(Captioned web image data)
▶

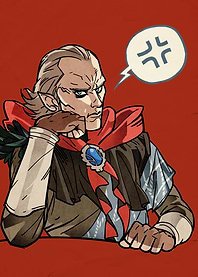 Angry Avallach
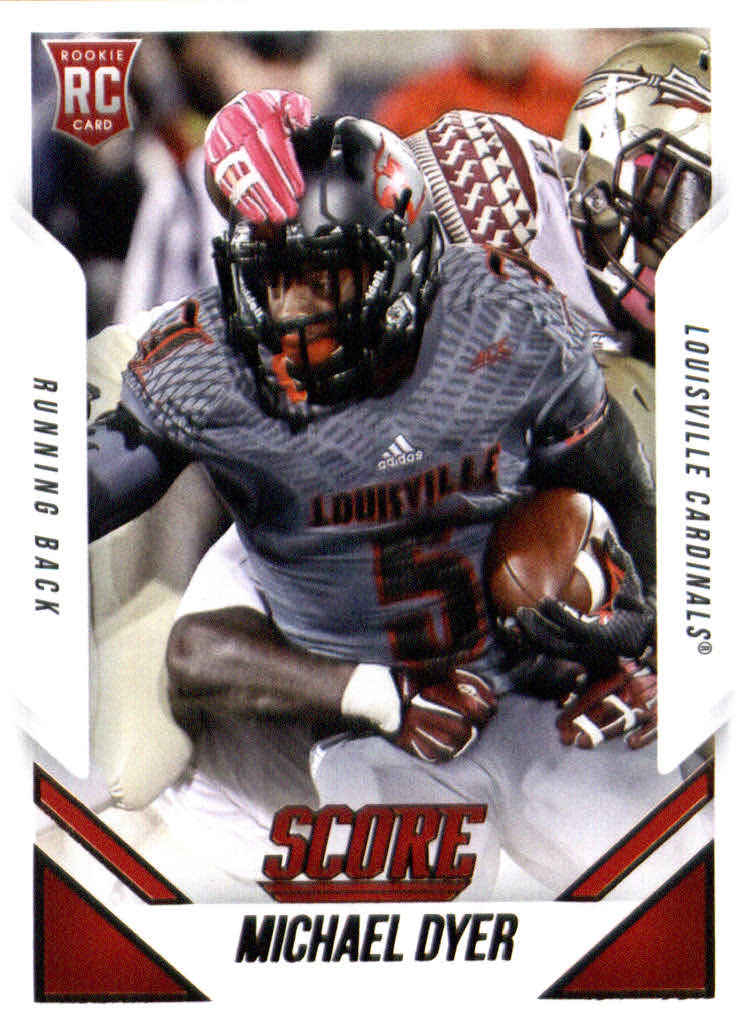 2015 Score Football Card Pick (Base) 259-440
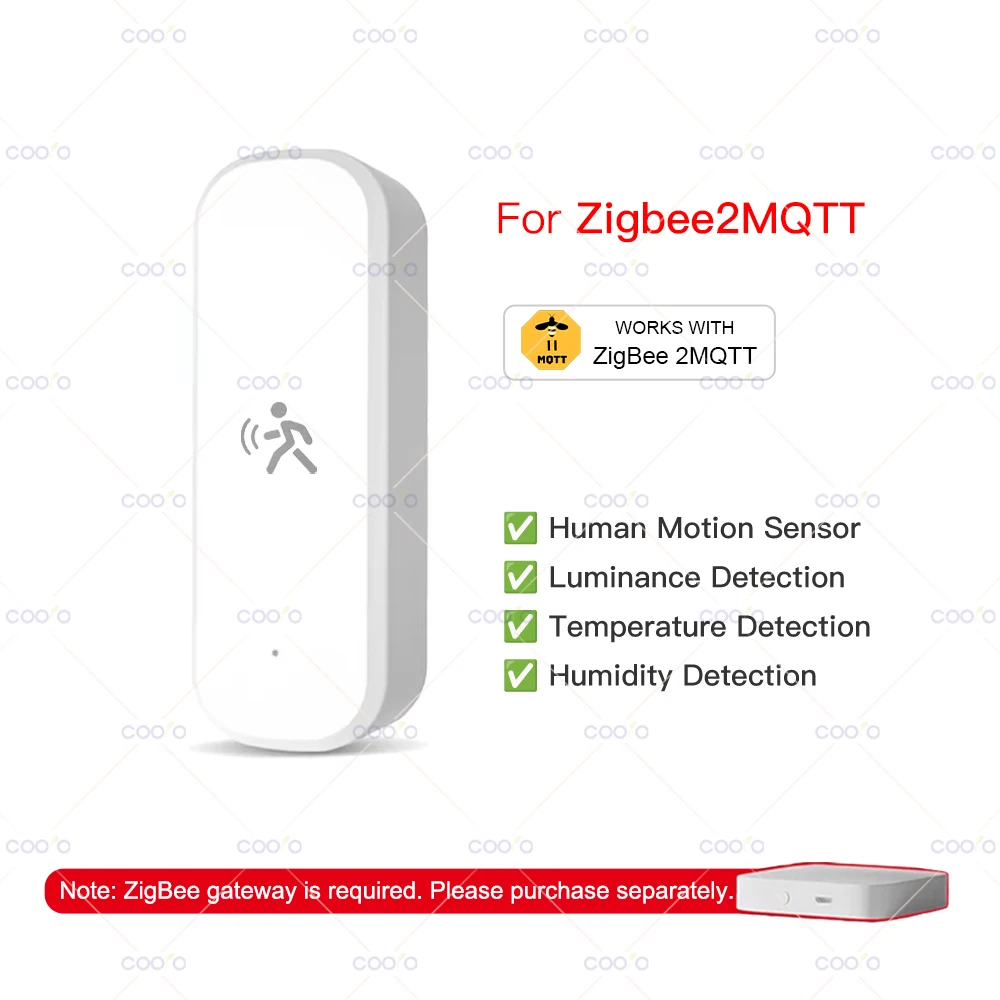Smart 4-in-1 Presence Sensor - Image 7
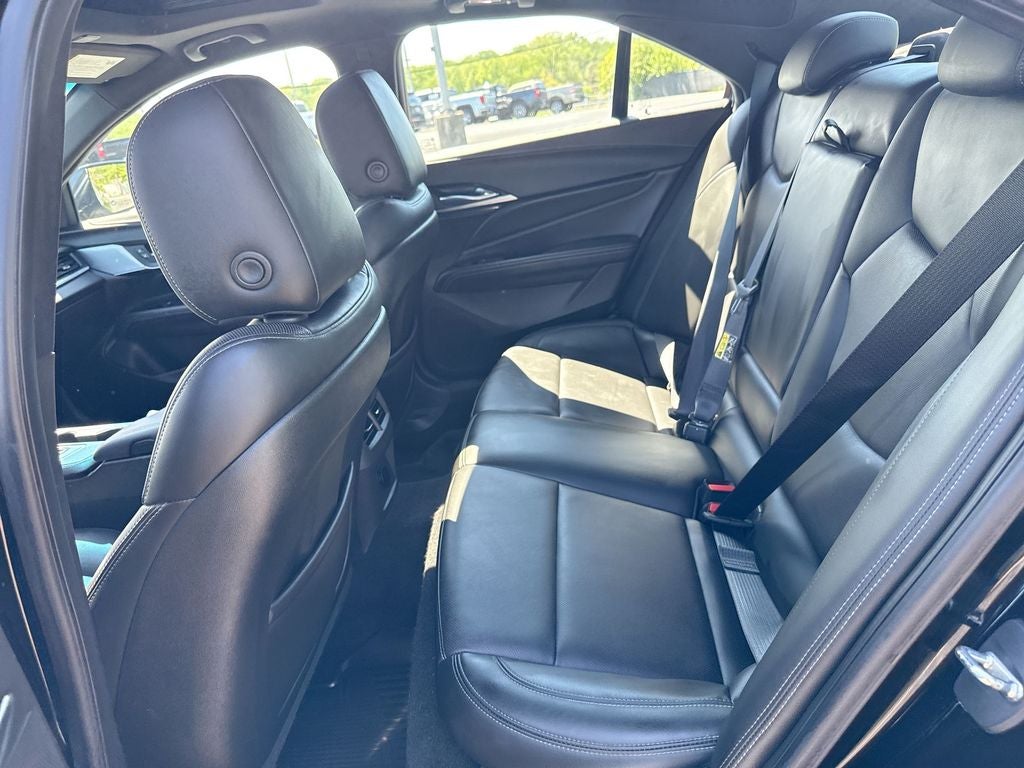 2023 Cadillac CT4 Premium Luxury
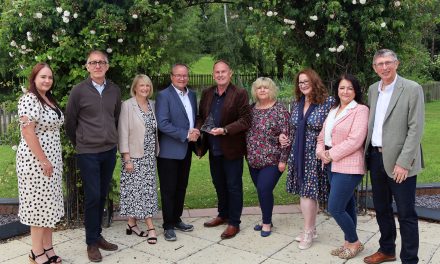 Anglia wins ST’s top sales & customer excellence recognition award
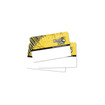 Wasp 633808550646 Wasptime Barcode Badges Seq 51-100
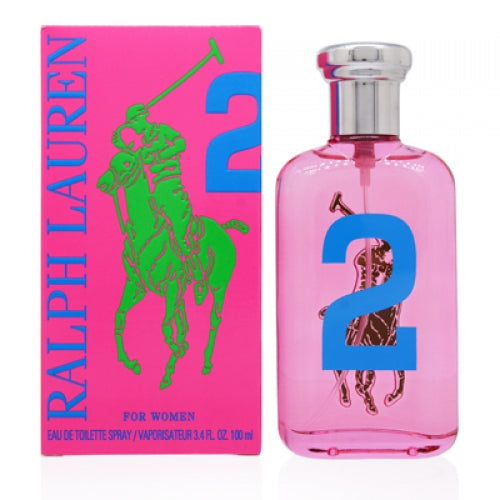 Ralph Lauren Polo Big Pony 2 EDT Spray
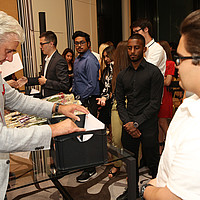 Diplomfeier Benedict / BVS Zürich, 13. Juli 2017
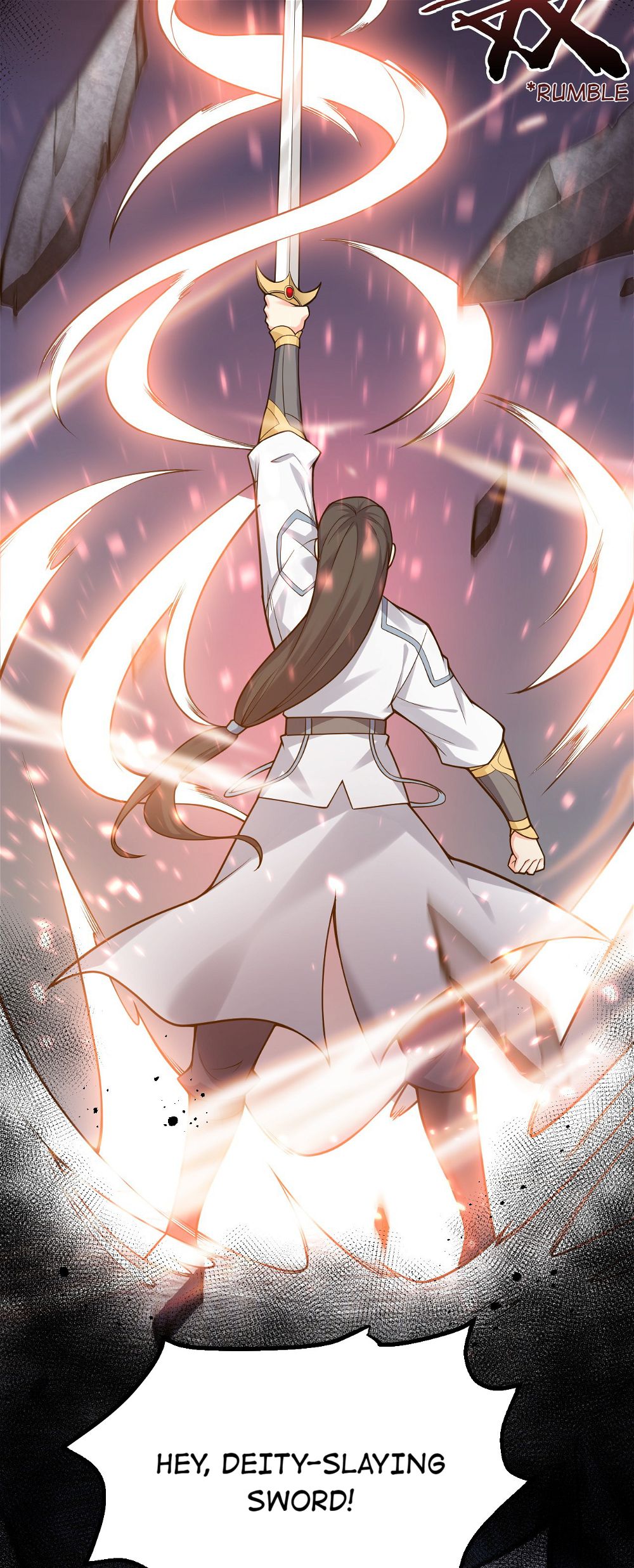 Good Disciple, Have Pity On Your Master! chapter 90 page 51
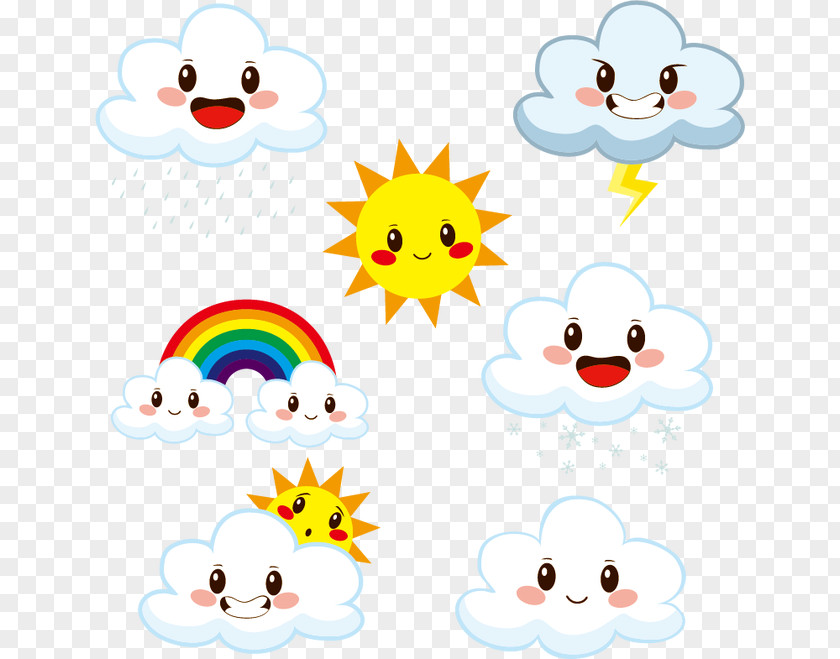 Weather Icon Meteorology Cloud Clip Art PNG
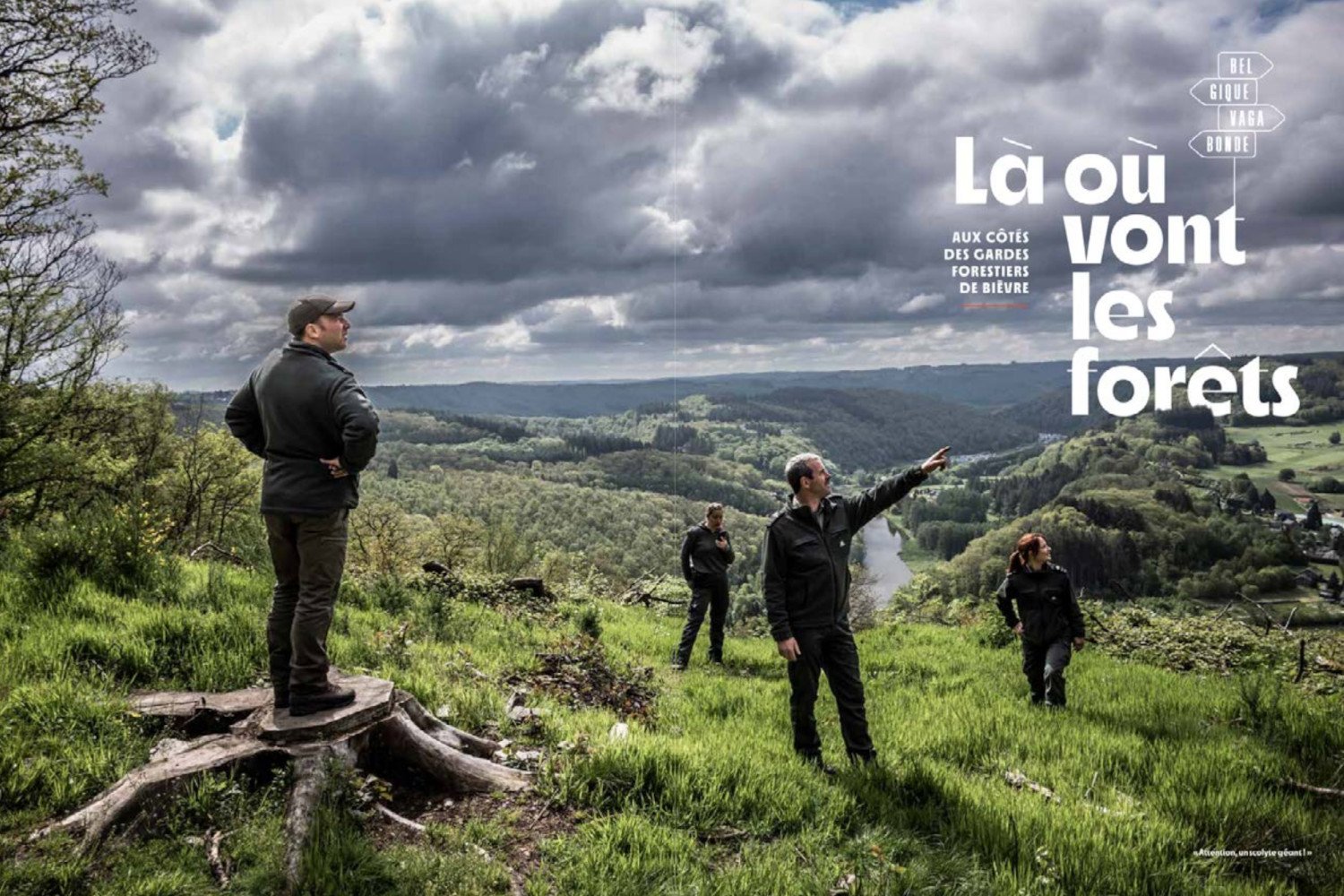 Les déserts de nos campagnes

◀

» **Exercise**: Produce the data again character for character, with the images left out.

» **Answer box**:
 Angry Avallach
 2015 Score Football Card Pick (Base) 259-440
Smart 4-in-1 Presence Sensor - Image 7
 2023 Cadillac CT4 Premium Luxury
 Anglia wins ST’s top sales & customer excellence recognition award
 Wasp 633808550646 Wasptime Barcode Badges Seq 51-100
 Ralph Lauren Polo Big Pony 2 EDT Spray
 Diplomfeier Benedict / BVS Zürich, 13. Juli 2017
 Good Disciple, Have Pity On Your Master! chapter 90 page 51
 Weather Icon Meteorology Cloud Clip Art PNG
 Les déserts de nos campagnes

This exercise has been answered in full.